* What is expected *
Quote these lines exactly: the one that holds "OFF SHOULDER PUFF SLEEVE TOP BRUIN" and every line after it to the end of the material below. Skip pictures.

* Data extract *
* * * * *
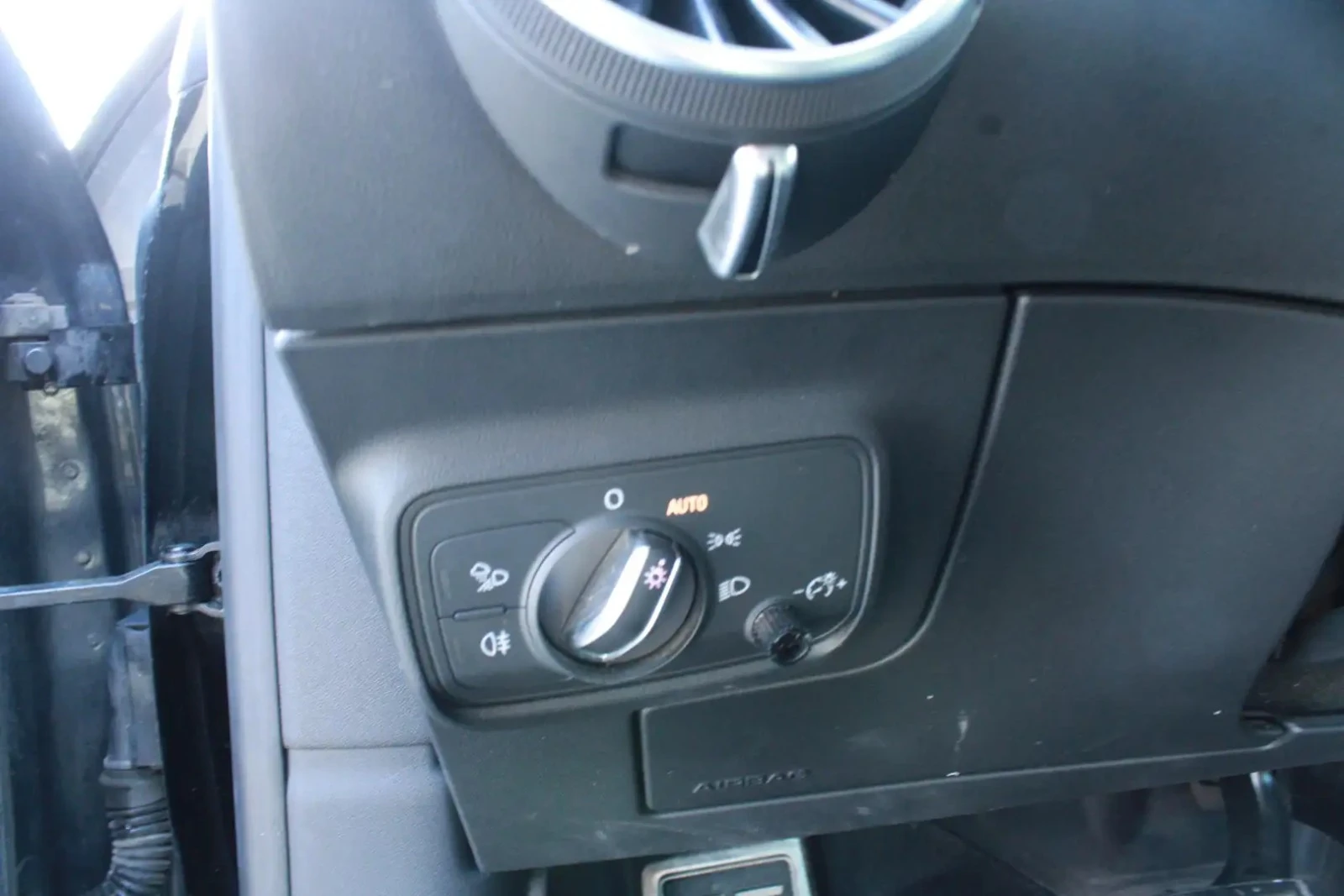 Audi Tt S* Coupe* Quattro* АвтоКредит* (ЦЕНА ДО БГ), снимка 17 - Автомобили и джипове - 55300704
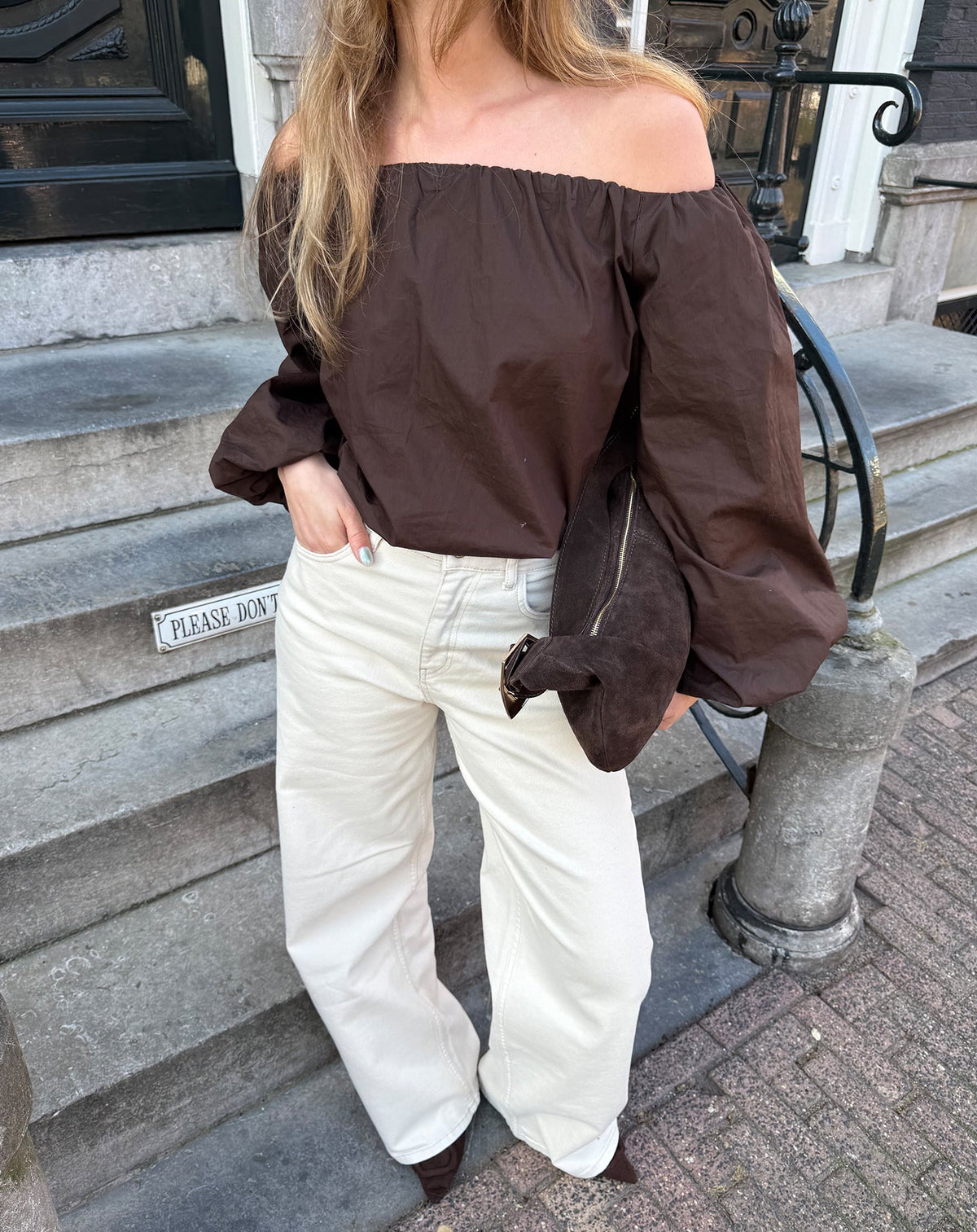 OFF SHOULDER PUFF SLEEVE TOP BRUIN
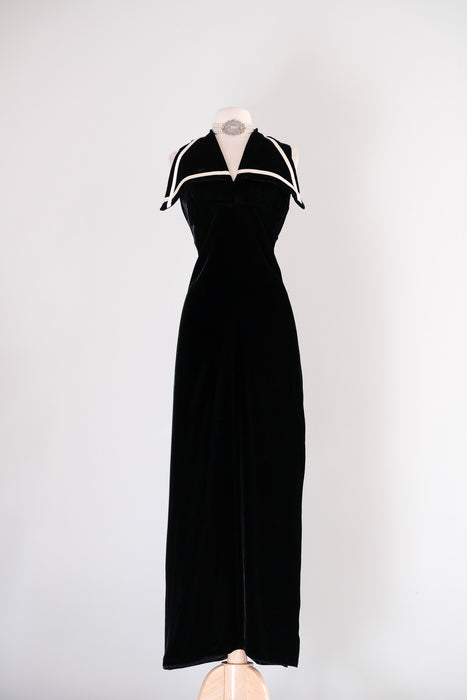 Vintage 1970's Black Velvet Evening Gown With Sailor Collar / S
* * * * *
* Solution to this exercise *
 OFF SHOULDER PUFF SLEEVE TOP BRUIN
 Vintage 1970's Black Velvet Evening Gown With Sailor Collar / S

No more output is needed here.